Flore Debeaune a rejoint l’administration de l’école il y a trois ans. Elle s’occupe notamment des bulletins scolaires, du site Internet et répond au téléphone. Elle n’a pas l’impression de « travailler dans une secte » :

« Par exemple, mes enfants n’étudient pas ici. Ça paraissait bizarre à certains au début, qui pensaient que j’étais en désaccord total avec la pédagogie. Une fois que je leur ai expliqué que je ne veux pas mélanger le personnel et le professionnel, ils ont compris.”

Elle affirme qu’aucun prosélytisme n’est admis :

“L’anthroposophie, ce sont des théories de Rudolf Steiner qui vont avec l’éducation. Ce n’est pas pour autant que tout le monde y adhère aveuglément. Je serais bien incapable d’expliquer précisément ce que c’est. »

Stéphanie Gautier a inscrit ses enfants à l’école quand elle y a été embauchée comme coordinatrice. Elle dissocie clairement la culture et les pratiques religieuses :

« C’est une école laïque. On étudie des mythes car ce sont des histoires intéressantes. Qu’elles soient bibliques ou issues des différentes mythologies : nordique, grecque, égyptienne ou celte. »

Un autel de saison, garni par les enfants de matériaux ramassés dans la nature (crédit : LM / Rue89Lyon©)
Un autel de saison, garni par les enfants de matériaux ramassés dans la nature. Crédit : LM / Rue89Lyon

Un projet d’agrandissement à 1 million d’euros

A Saint-Genis-Laval, les bâtiments de l’école Steiner sont vétustes, essentiellement meublés de bois. L’espace réservé aux professeurs est exigu.

Des bureaux en bois, presque hors du temps (crédit : LM / Rue89Lyon©)
Des bureaux en bois vieille génération, réparés régulièrement, qui accueille les 7-8 ans. crédit : LM / Rue89Lyon

Présent dans l’ouest lyonnais depuis 1977 (initialement à Vaugneray), l’école Steiner-Waldorf est locataire de l’avenue Georges Clémenceau, à quelques encablures d’Oullins. Discrète depuis la rue, elle le sera sans doutes moins à l’horizon 2017.

Un projet d’agrandissement a été lancé en 2012 via la création d’un fonds de dotation. Le tout devrait coûter aux alentours d’un million d’euros. Un “financement participatif solidaire” a été lancé à cet effet.

Le projet contient l’achat d’un bâtiment adjacent à l’école actuelle et la construction de plusieurs extensions.

Le nouveau bâtiment s'affiche fièrement sur les murs de l'école (crédit : LM / Rue89Lyon©)
Le nouveau bâtiment s’affiche fièrement sur les murs de l’école. crédit : LM / Rue89Lyon

En 2014-2015, l’école accueillait 190 enfants répartis en 10 classes et 4 jardins d’enfants pour les 3-6 ans.

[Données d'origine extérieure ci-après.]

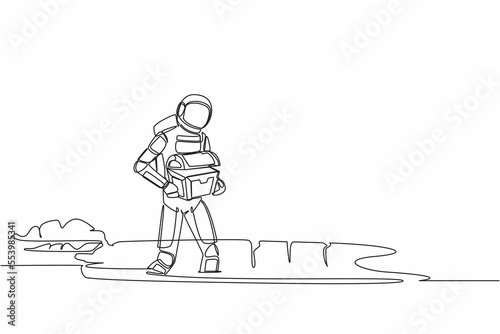 Single continuous line drawing astronaut carrying chest treasure in moon ground. Spaceman finding gem box artefact. Gold hunting. Cosmonaut deep space. One line draw graphic design vector illustration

Agrandir permettrait d’ouvrir une 11ème et une 12ème classes afin de proposer une scolarité complète aux enfants.

A Saint-Genis-Laval, les enfants quittent en effet l’école après la 10ème classe pour rejoindre un lycée traditionnel, en seconde ou en première selon leur apprentissage. S’ils allaient jusqu’à la 12ème classe, ils passeraient les épreuves anticipées du bac (le français notamment) en candidat libre. Ils doivent ensuite rejoindre une terminale classique.

En 2015, les écoles Steiner représentent en France 2 500 élèves répartis entre 22 établissements.